Mientras que “los papeles” de Gabo, compuestos de documentos oficiales, contratos, informes de su agente literaria, recortes de prensa y cartas de fans, son evidencia de lo que significó ser un autor en el siglo XX, los de Anzaldúa nos muestran qué ha significado ser autora, cualquier autora, al menos hasta el siglo XX: la sororidad del intercambio de bellas postales entre amigas, los diarios donde se registran emociones tan profundas que un@ se siente intrus@ leyéndolos, las cartas en que se ruega un trato justo y el pago de regalías, las ineludibles invitaciones a trabajo mal pagado, planes nunca realizados, las listas de gastos de salud y la administración de la casa…

Salas de exhibición de la exposición 'Gabriel García Márquez: La creación de un escritor global'. (Museo de Arte Moderno de México)

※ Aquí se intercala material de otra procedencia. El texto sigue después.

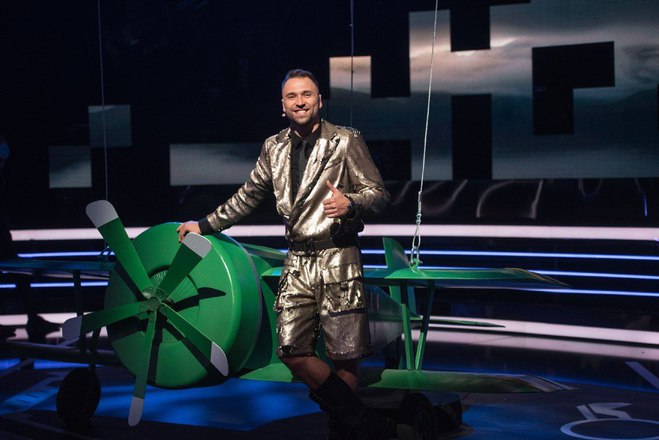 Макс Михайлюк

Quizá nos haga falta el archivo de la Gaba Mercedes Barcha para tener la dimensión doméstica e íntima de su esposo completa. Y no es que en el archivo de García Márquez no se encuentren rastros de su vida; como en todo archivo de autor, todo lo que esas polémicas y viajeras cajas albergan es o fue suyo, sin duda, pero cada archivo privado vuelto público es testimonio del tiempo y la voluntad: archivamos para el futuro solo aquello que queremos que otros conozcan de nuestro pasado.

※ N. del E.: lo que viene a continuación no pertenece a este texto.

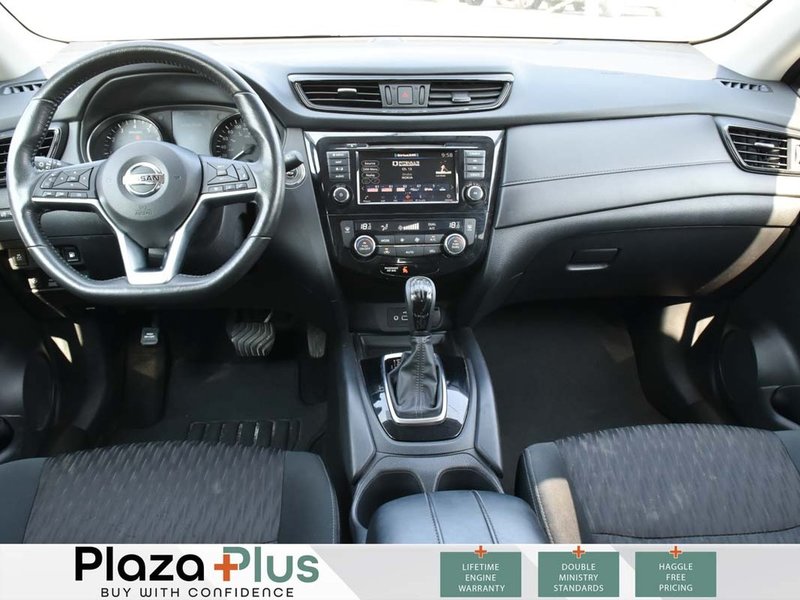 2018 Nissan Rogue S ALLOY RIMS | LOW KM! | AWD | HEATED SEATS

Al regresar de Austin a Berlín, me esperaba enfrentarme a un archivo más: el mío. Y es que quien esto escribe ahora debe empezar a preparar sus propios papeles para emprender una nueva mudanza, que implica empacar por milésima vez el archivo propio. Entre el espíritu coleccionista y el acumulador, tengo mis propios rituales: aprovecho cada cambio de domicilio para hacer limpia de mis papeles. ¿Qué decidiré llevar conmigo cuando me mude, otra vez, de casa y de país? ¿Qué regalaré? ¿Qué tiraré a la basura? Y nueva opción que muestra mi adaptación a la cultura berlinesa del reciclaje: ¿qué depositaré en una caja de archivo frente a la puerta de mi casa para que otros tomen de mí anónimamente? ¿Cuánto pagaré de sobrepeso por no poder abandonar ropa que no me pongo pero que tiene valor sentimental, souvenirs inútiles (y a veces incluso feos), souvenirs, inesperados regalos, libretas en blanco o sin una página más disponible, boletos ya sin vigencia pero que me recuerdan mis andanzas de un año pandémico en este lado del mundo, papeles sin importancia para nadie más que para mí? He pasado parte de este verano abriendo y cerrando cajas. Y todavía no aprendo a reconocer qué vale la pena conservar y qué es mejor, simplemente, olvidar.